Imaging is a blessing to an overburdened IT department. One of the most tedious and yet utterly important tasks a SysAdmin will perform is the setup and configuration of nodes.

Regardless of the OS, the repetitive nature of putting together a production-ready computer with all the necessary applications, drivers, and settings is prone to human error, not to speak of the technical issues that may arise from hardware failure or a software configuration conflict.

I have championed imaging as a saving grace for IT in that it allows us to “do more with less,” which seems to contradict the statement that AutoDMG is the standard in thin imaging by making it so that “less is more.”

Taking the digital torch from its predecessor, InstaDMG, AutoDMG was completely rewritten to modernize the creation of clean, never-before-booted Apple Software Restore (ASR) images that could later be cast out to one or many Apple computers, efficiently simplifying the deployment/recovery process for new or refreshed equipment.

AutoDMG is a modular deployment tool, emphasizing thin imaging as a means to create a boot-ready image that contains only the most essential software needed to get the computer operational.

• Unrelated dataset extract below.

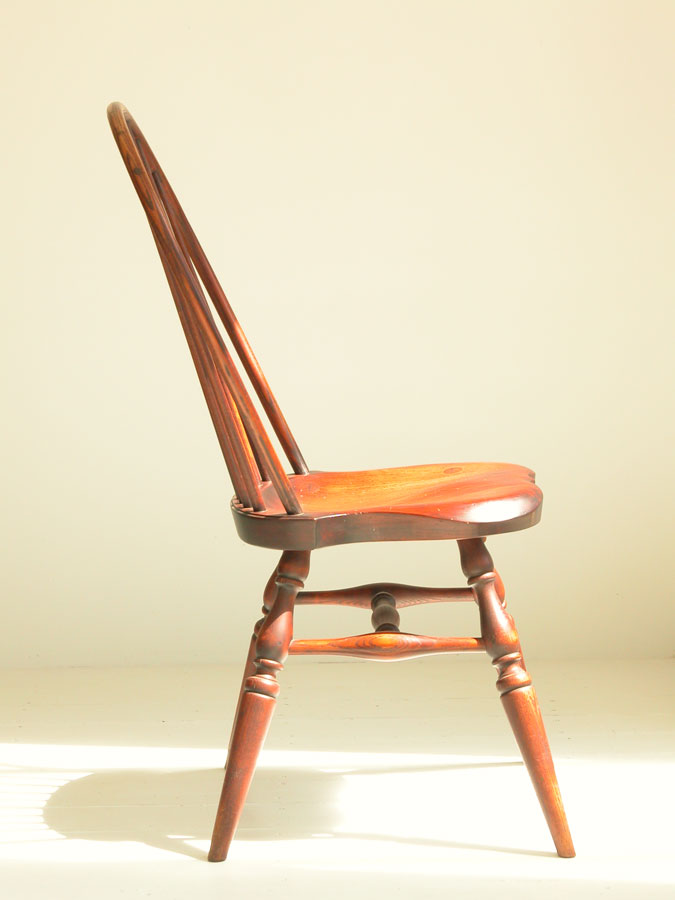 Windsor Side Chair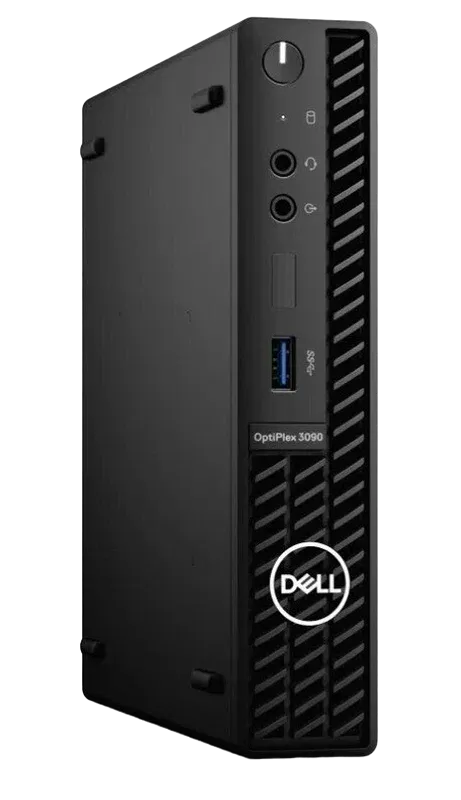 Замена видеоадаптера (видеокарты) Dell Optiplex 3090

Additional apps, settings, and configurations may be technically included in the final image; however, in the interest of speed and size for optimization, that is better left to be installed through other, atomistic solutions, such as DeployStudio workflows or Apple Remote Desktop (ARD).

Before creating a thin image, there are hard requirements to adhere to as well as a few soft ones, which are not so much rules as guidelines to keep the images as lightweight as possible.

  • Apple computer running 10.8+
  • Administrative credentials
  • OS X (Mac App Store)
  • Applications to be installed in (.pkg) format (optional)

Based on my brief time using AutoDMG, these are considerations to be mindful of when creating your first build.

  • The version of OS X on the Apple computer must match the version of the OS X image you intend on creating. For instance, if you are creating a Yosemite-based build, it will not work on Mavericks or any prior version of OS X.
  • Be wary of OS X forks when deploying to newer hardware. If possible, use the most recent release build to minimize installation issues.
  • Application packages may not always work when being deployed through AutoDMG for a variety of reasons. When testing out your build, if an app has not installed properly, it may be better to deploy the software afterward through a management client, workflow, or alternate install method than to compromise the integrity of the thin image.
  • On the subject of thin imaging, the key is to be light — including only the most necessary packages and updates is integral to creating an image that is quick to deploy and easier to manage.

Once all the necessary installer and application packages have been readied, create the first build by following these steps:

  1. Launch Upon loading, click the AutoDMG menu | Update Profiles to perform a quick update of the OS X Installer profiles. This helps to ensure that the profiles are current when working with the newest OS X Installers from the Mac App Store (Figure A).

    Figure A

  2. Drag and drop the OS X onto AutoDMG to mount the installer and determine if any updates are available (Figure B).

    Figure B

  3. If updates are available and you wish to include them in the build, check the box next to all the updates to be included and click the Download button. Updates will then be downloaded to the working directory to be processed later (Figure C).

    Figure C

  4. The Additional Software section will include any packages that you wish to include in the build. By default, .PKG files are natively used to perform app installations in AutoDMG; however, packages may also be created to include settings or modify configurations, if so desired. Drag and drop the packages to be included in the list, and then click the Build button when done (Figure D).

    Figure D

  5. Prior to beginning the build, you will be prompted to select a location to save the completed image. Click Save to select the desired location (Figure E).

    Figure E

  6. In order to process the commands necessary to build the image, authentication from an admin is required. Enter the credentials and click OK to execute the commands (Figure F).

    Figure F

  7. The build process will begin, and it will go through several phases to create a DMG file, with the OS X installer files and packages extracted to that file and processed (Figure G) (Figure H).

    Figure G

    Figure H

    During the final phases, AutoDMG will convert the disk image and scan the image for errors, as this minimizes issues later during the deployment process (Figure I)(Figure J).

    Figure I

    Figure J

  8. Depending on the resources available to the computer and how many updates or packages are being integrated, the image creation process will vary. Once it is successfully created, a final prompt will confirm the image file’s creation, and the process will be complete (Figure K).

    Figure K

The next step is to test your thin image. Though testing is optional, it is crucial to the overall success of the deployment process and should not be overlooked.

Since the created image is in DMG format, a plethora of deployment strategies exist, from Terminal to Deploy Studio to Disk Restoration using Disk Utility, just to name a few.

Ultimately, due to its modular format, changes such as incremental downloads, updates to packaged software, or even complete upgrades from one version to another can be swapped as needs arise, resulting in a new, unfettered image being created without the time-consuming install, update, capture, and test tasks involved in creating gold image masters.